On 2/20/2025 5:45 PM, Jakub Kicinski wrote:
On Wed, 19 Feb 2025 17:32:54 +0100 Przemek Kitszel wrote:
Add a support for whole device devlink instance. Intented as a entity
over all PF devices on given physical device.
In case of ice driver we have multiple PF devices (with their devlink
dev representation), that have separate drivers loaded. However those
still do share lots of resources due to being the on same HW. Examples
include PTP clock and RSS LUT. Historically such stuff was assigned to
PF0, but that was both not clear and not working well. Now such stuff
is moved to be covered into struct ice_adapter, there is just one instance
of such per HW.
This patch adds a devlink instance that corresponds to that ice_adapter,
to allow arbitrage over resources (as RSS LUT) via it (further in the
series (RFC NOTE: stripped out so far)).
Thanks to Wojciech Drewek for very nice naming of the devlink instance:
PF0: pci/0000:00:18.0
whole-dev: pci/0000:00:18
But I made this a param for now (driver is free to pass just "whole-dev").
Which only works nicely if you're talking about functions not full
separate links :) When I was thinking about it a while back my
intuition was that we should have a single instance, just accessible
under multiple names. But I'm not married to that direction if there
are problems with it.
I would also prefer to see a single devlink instance + one port for each
function. I think thats the most natural fit to how devlink works, and
it gives us a natural entry point for "whole device" configuration. It
also limits the amount of duplicate data, for example "devlink dev info"
reports once for each function.
The main things I think this causes problems for are:
1) PCIe direct assignment with IOV
This could be an issue in cases where someone assigns only one function
to a VM. The VM would only see one function and the functions outside
the VM would not interact with it. IMHO this is not a big deal as I
think simply assigning the entire device into the VM is more preferable.

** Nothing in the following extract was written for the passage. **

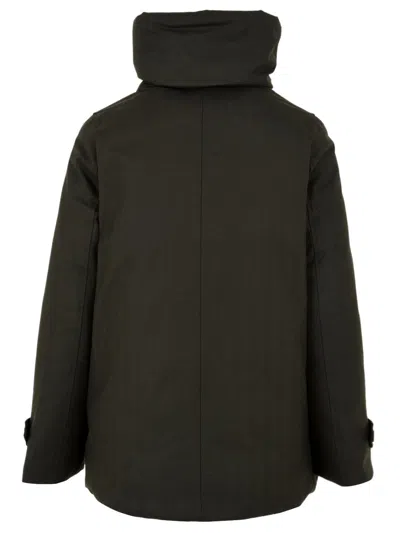 Aspesi Coats In Gold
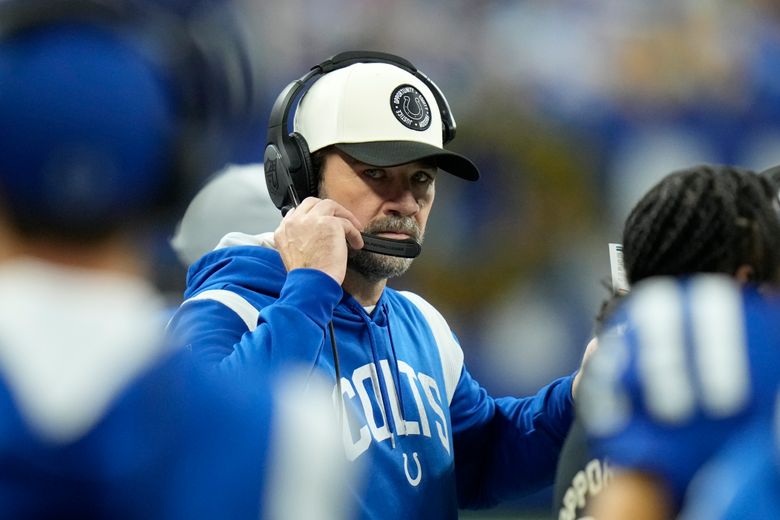 Colts Interview Los Angeles Rams Defensive Coordinator Raheem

We also already have this issue with ice_adapter, and we've seen that we
need to do this in order to make the device and software function
properly. Assigning single functions does not make much sense to me. In
addition, there is SR-IOV if you want to assign a portion of the device
to a VM.
2) locking may get complicated
If we have entry point which needs to interact with ice_pf data the
locking could get a little complicated, but I think this is also an
issue we can solve with ice_adapter, as a natural place to put
whole-device functionality.
I have also investigated in the past if it was possible to make the PCI
bus subsystem wrap the functions together somehow to represent them to
the host as a sort of pseudo "single-function" even tho the hardware is
multi-function. This seemed like a natural way to prevent direct
assignment of the whole device.. but I was never able to figure out how
to even start on such a path.
$ devlink dev # (Interesting part of output only)
pci/0000:af:00:
nested_devlink:
pci/0000:af:00.0
pci/0000:af:00.1
pci/0000:af:00.2
pci/0000:af:00.3
pci/0000:af:00.4
pci/0000:af:00.5
pci/0000:af:00.6
pci/0000:af:00.7
Could you go into more details on what stays on the "nested" instances
and what moves to the "whole-dev"? Jiri recently pointed out to y'all
cases where stuff that should be a port attribute was an instance
attribute.
I suspect this is a case of "we have separate devlink instances per
function, so we just put it in the devlink".